*Recorded information:*
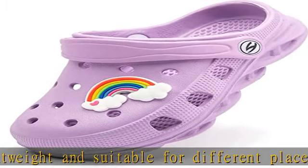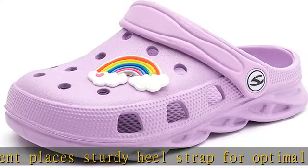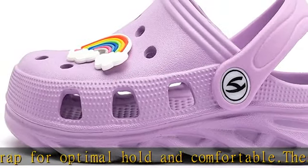These slip-on clogs are easy to take on and off, while being extremely durable. These even offer pivoting heel straps for a more secure fit. In the description to get this product today at the best price.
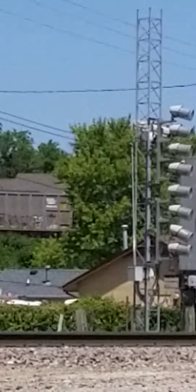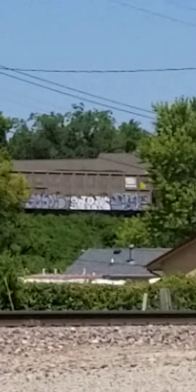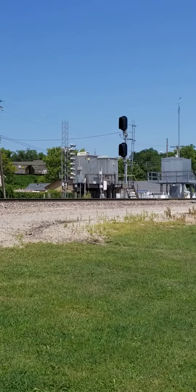There we go, you guys can see a little better. Oops, I need to kind of focus on the train.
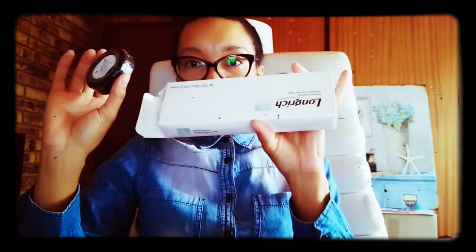Hi everyone, this is Tanya Boyston and welcome to my YouTube channel. Today I'll be talking about the Long Ridge Bamboo Charcoal Soap, and it comes in three in a box.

*What the task requires:* The expected output is the lines from the line that contains "There we go, you" through the last line of the material, reproduced exactly, with both ends present and pictures absent.

*Solution below:*
There we go, you guys can see a little better. Oops, I need to kind of focus on the train.
Hi everyone, this is Tanya Boyston and welcome to my YouTube channel. Today I'll be talking about the Long Ridge Bamboo Charcoal Soap, and it comes in three in a box.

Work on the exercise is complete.